RECLAIM THE MONTHS
So how many months do we currently have in the Gregorian Calendar? Twelve at last count. But by jingo, we’ve lost quite a few of them recently. November is now Movember, July is Dry July, February is Febfast, August is just crap. That leaves only seven. Which makes for a pretty short year. I say, reclaim our months! We’re losing a lot of time just by renaming stuff, although on the bright side, with only 7 months a year I’ll probably live to be 100. So it’s a bit of a toss-up.
Unfortunately, as I get older, my eyesight gets worse and worse. I have no real idea what’s out there anymore.
Look for a body. Any body will do. Or anybody. Most bodies are attached to a head. Or ahead. Take it from there.
There was this time when a guy I knew hid a clock in my jacket pocket, and when I left the pub I could hear it plain as day. Tick tick tick. To tell you the truth, I was slightly alarmed.
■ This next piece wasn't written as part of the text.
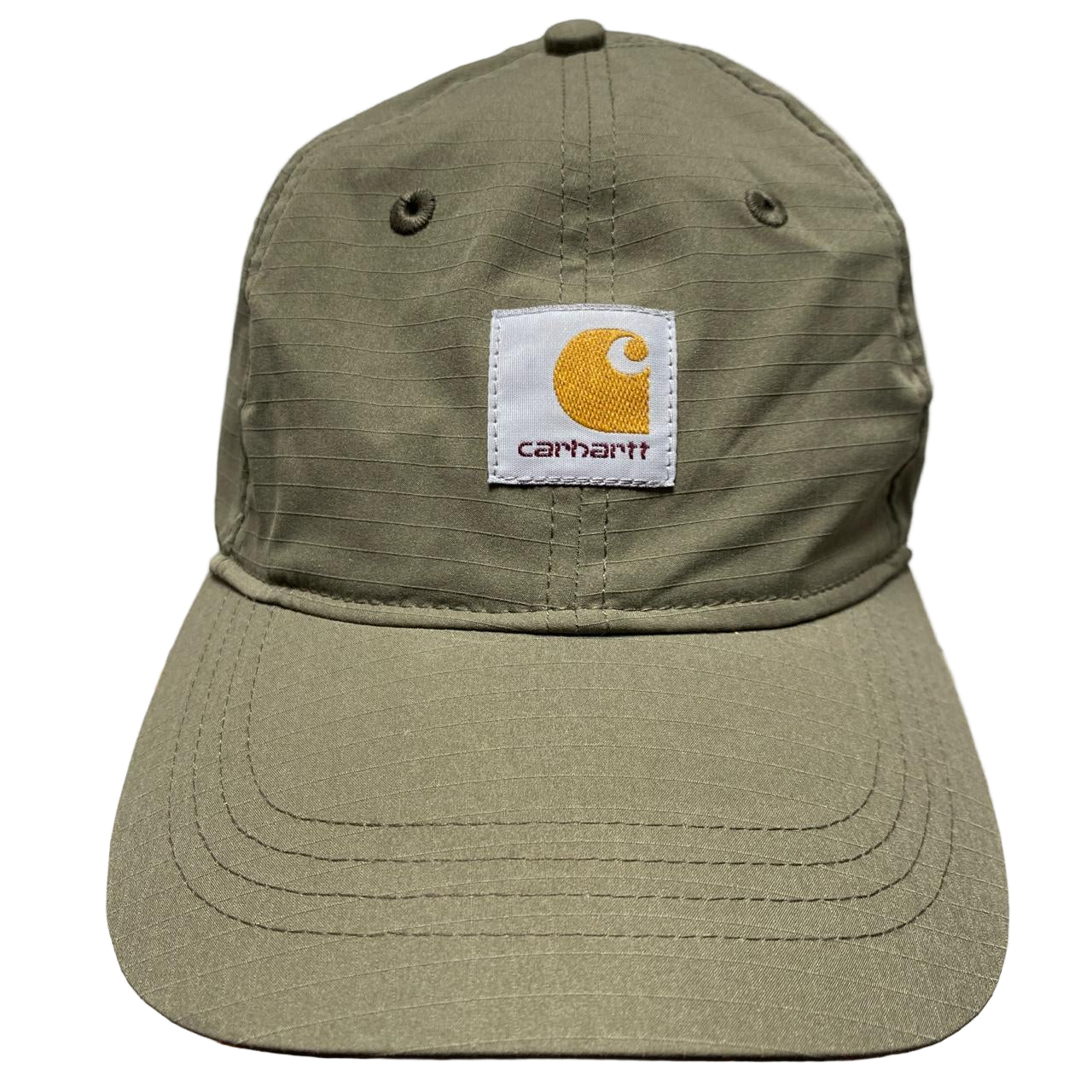 Carhartt WIP Khaki Green Cap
I’ve often been asked, how do you make it big? Well, one simple way is to start with it small, then gradually increase its size. Before you know it, you’ve made it big. Easy as. You can try this at home, or anywhere there is something small. Just remember, size is relative. Your big may be someone else’s small, and vice versa. Unfortunately there is nothing you can do about this.